Seis delegados de diferença (262 contra 256) ditam no arranque, uma vantagem para a lista liderada por Pedro Filipe Soares, líder parlamentar do partido. Mas as contas feitas por vários dirigentes ao longo desta semana precipitam um empate na eleição que decorrerá, sob voto secreto, para a Mesa Nacional, órgão máximo do partido entre convenções.

O resultado da votação das moções é, na verdade, tão imprevisível que - suprema ironia para um partido sem autarquias - pode estar na mão de duas plataformas locais: Moita e Vila Nova de Famalicão, que elegeram dois e sete delegados, respectivamente. As restantes três moções (A, B e R) conseguiram, em conjunto, 90, mas é menos provável que votem senão em si próprios. A diferença poderá, por isso, contar-se pelos dedos de uma, duas mãos ou pouco mais. Certezas só há uma: esta é a única convenção, em 15 anos de Bloco, em que o resultado vai ser disputado ao minuto num debate que promete, de ambos os lados, ser o mais aceso possível.

Entre dirigentes, a ideia mais vezes repetida esta semana resume-se num ganhe quem ganhar, terá que fazer um “esforço colossal” para tentar reunificar. Ou o partido desaparece. Ninguém enfia, por isso, a cabeça na areia para subestimar o que vai sair deste congresso.

As duas principais listas que concorrem reconhecem que este é um momento crucial. As eleições legislativas a menos de um ano distância são um desafio enorme para o partido que, três actos eleitorais consumados – legislativas de 2011, autárquicas de 2013 e europeias de 2014 –, não sabe o que é festejar os resultados.

Enquanto o Bloco conta espingardas, os seus dissidentes já se organizaram com uma “candidatura cidadã” para as legislativas de 2015, que inclui Livre (Rui Tavares), Fórum Manifesto (Ana Drago e Daniel Oliveira), Renovação Comunista e independentes de esquerda que, nalgumas lutas, estiveram com o BE (casos de Miguel Vale de Almeida, Pilar del Río, Rui Bebiano).
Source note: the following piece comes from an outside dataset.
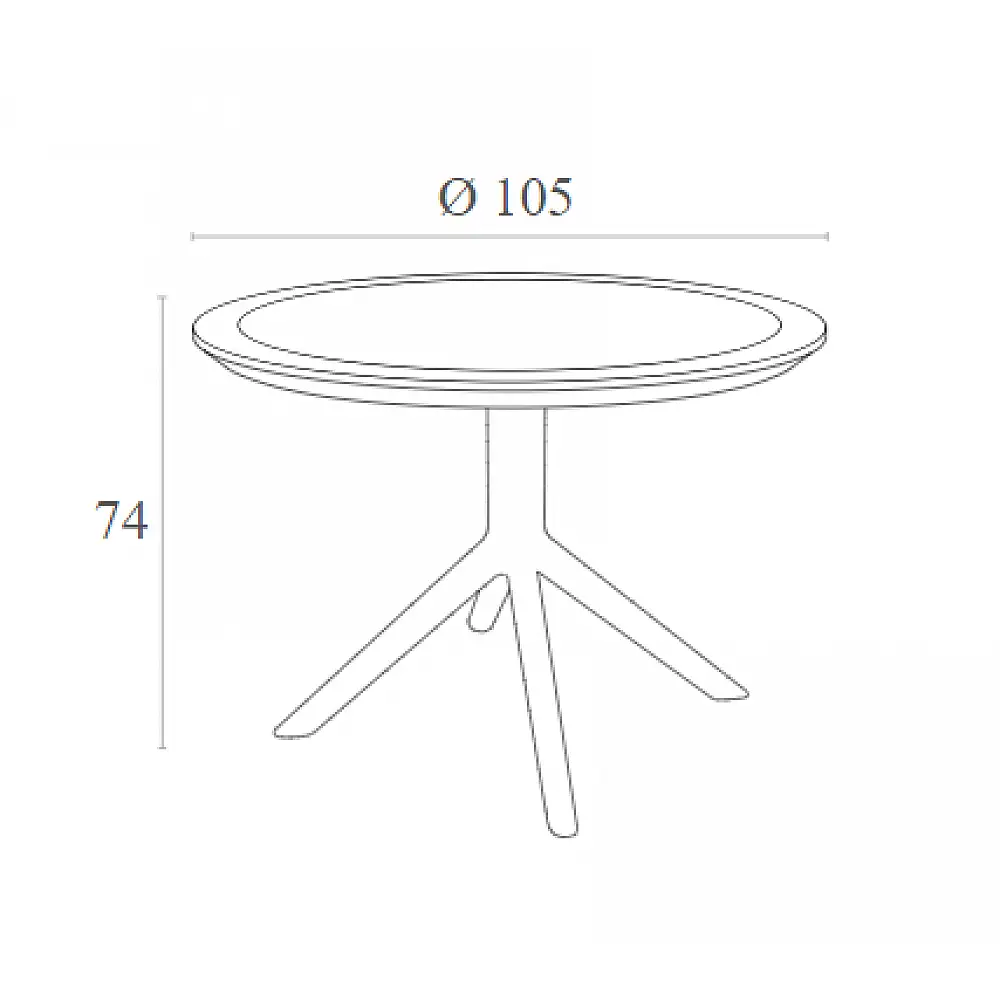 SKY BLACK Φ105X74εκ. ΤΡΑΠΕΖΙ ΠΟΛ/ΝΙΟΥ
Nas duas moções que vão alimentar o debate deste fim-de-semana não há grandes desencontros. Muito menos políticos. Há algumas opções tácticas relativamente diferentes. E há uma luta pelo poder.

A moção U - Revolta cidadã para vencer a austeridade -, assinada à cabeça por Semedo e Catarina Martins, faz da questão da dívida e da austeridade o cavalo de batalha: “O objectivo imediato do Bloco é o fim da austeridade”. A moção E – Bloco plural, factor de viragem -, subscrita em primeiro lugar por Pedro Filipe Soares, privilegia a defesa da Constituição. “O centro do ataque da burguesia é à Constituição (…) O BE deve esforçar-se para tornar central essa luta contra essa revisão constitucional e pela defesa dos direitos”.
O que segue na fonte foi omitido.